Page 100 of What Happened to Lucy Vale
@spinn_doctor:Akash has to be verified, just like everybody else
@mememeup:screw your security, Spinnaker. This server is dying
@badprincess:we’re dying
@badprincess:we literally could be shot any second
@nononycky:heyyyy @badprincess is back
@badprincess:I never left
@badprincess:just haven’t been on
@mememeup:Let Akash in the server
@spinn_doctor:I’m not just going to roll out the red carpet now that he’s decided to grace us with his presence
@mememeup:good thing all you have to do is click admit
Spinnaker caved. We welcomed Akash with a confetti of emojis.
@nononycky:welcome to the lockdown party
@kash_money:are you guys okay? Do you know what’s going on?
@mememeup:I don’t hear any shooting
@badprincess:me neither
@lululemonaide:I wish they’d tell us what’s happening ...
@goodnightsky:did you guys miss me?
@goodnightsky:is everyone alive?
@mememeup:unfortunately
@mememeup:this closet is rank
We were miserable and elated. It was horrible and historic.
It was, we found out, a fire in the recycling bin and death to our beloved mascot. An abomination, but a relief nonetheless.
Once Administration released us from our classrooms and an encirclement of police cars and fire trucks logjammed our parking lot, we milled around while sheriff’s deputies cleared the buildings and members of the fire department clustered around the evidence: a blackened, still-smoking ruin, which we joked should be buried with a proper funeral for Sean the Shark. We were electric with excitement, disaster narrowly averted.

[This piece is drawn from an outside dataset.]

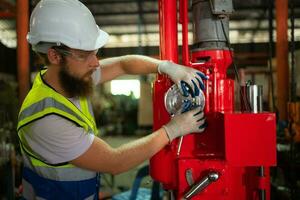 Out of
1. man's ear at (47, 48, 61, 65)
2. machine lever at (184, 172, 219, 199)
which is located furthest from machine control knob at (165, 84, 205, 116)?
man's ear at (47, 48, 61, 65)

We thought of Jalliscoe. Of podcasters. Of vengeful online agents persuaded by reports that the Sharks’ star swimmers had been doping for years.
Over the next two days, our Discord swelled again to forty-seven members. Spinnaker was forced by a vote of the returning majority to yield sole power as mod. Kaitlyn Courtland came back, reconfigured the server, and restored sanity to the threads.
Once again we were alive, powerful, and tethered to our phones, where the world was compressed to a typeface, flowing steadily to us through a stream of message alerts.
We had theories. We had arguments. Scarlett Hughes had pink eye, which she was convinced she’d picked up from the gym’s moldering equipment room, her refuge during the lockdown.
We quickly zeroed in on the idea that the fire had been an act of protest against the construction of the new Jay Steeler Legacy Pavilion. We’d heard that the recycling bin had been removed from the construction site before it was taken to Administration—to us a clear signal of meaningful intent. The mascot, which had been adopted by the school during Coach Steeler’s reign, was an obvious and pointed target.
Then there was the timing, only days afterBlood in the Waterhad dropped its last episode of season 2. For the season finale, the hosts had interviewed Daniel Frisker, who’d actually swum with Tommy Swift under Coach Steeler for a few years. According to Daniel Frisker, competitive high school swimming was rife with various forms of doping, at least at its most elite levels. Tommy Swift, Daniel claimed, was on a regimen of illegal supplements that he thought would improve his swim times. Coach Steeler encouraged it. He had total control of all his star swimmers’ lives, Daniel said. What they ate, where they went, and who they went out with. The boys got used to asking Coach Steeler’s permission before making any decisions of their own.
Daniel Frisker was sure Coach Steeler would have lost his shit if he’d found out Nina and Tommy were still talking.